CE is designed to be most useful in situations that have the following characteristics:
 A high degree of human interaction, usually involving specialist users with
complex needs in non-trivial environments.
 A likelihood of rapidly evolving or uncertain tasks, queries or other knowledgebased activities.
 The need for collaboration, either between different people or teams, and/or
across different disciplines.
CE is of little value if there is no human-involvement, little complexity, or very firm and
stable requirements, and in such circumstances traditional application development
processes are a much more straightforward and low risk solution. In cases where there is
a high degree of customisation, development, uncertain requirements or short lead times,
especially in areas where human-led planning, thinking or decision making are required
then CE (or similar human-friendly information processing environments) could be a
very useful capability.
Ontology-based information extraction, normalization and
mapping
The ability to define an ontology for a domain and then use this knowledge to enhance
information extraction capabilities is a current research topic in the Natural Language
Processing and Semantic Information communities. The approach outlined in this paper
is very much aligned with this approach since the CE conceptual model(s) are
synonymous with Semantic Web ontologies [CE4], but the specific augmentation of the
underlying semantic “domain models” with explicit lexical information linkages enables
the domain models to be much more strongly linked to the typical natural language terms
used when discussing the underlying concepts. We have not undertaken any formal
comparisons to specific ontology based information extraction techniques at this stage.

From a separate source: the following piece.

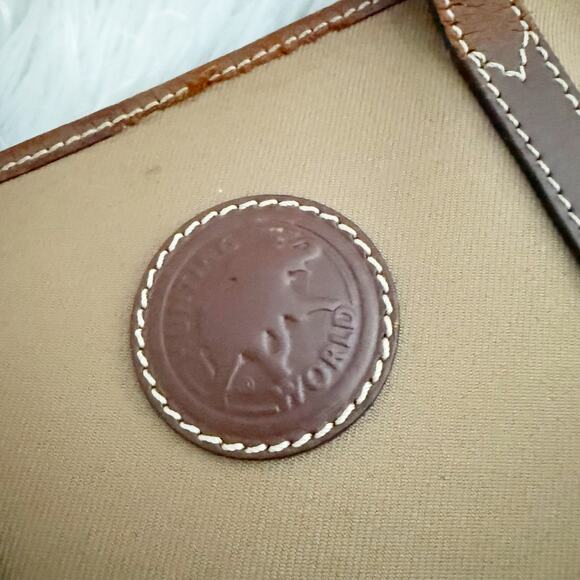 HUNTING WORLD | Canvas Leather Tote Bag Zipper Top Taupe Tan Brown Trapeze - Picture 5 of 8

Agent / Blackboard architecture
Within the general CE-based information-processing environment there is the concept
that agents (machine or human) will consume and produce information in the form of CE
sentences. From a human perspective this can take the form of any valid CE sentence
being contributed by any user at any point in time. This open-ended and unconstrained
approach does allow for the unpredictability of human processing and “flashes of insight”
that might arise during human thinking, and the assertion of any such new information
can be made immediately available (if appropriate) to other machine or human agents
within the system for further processing.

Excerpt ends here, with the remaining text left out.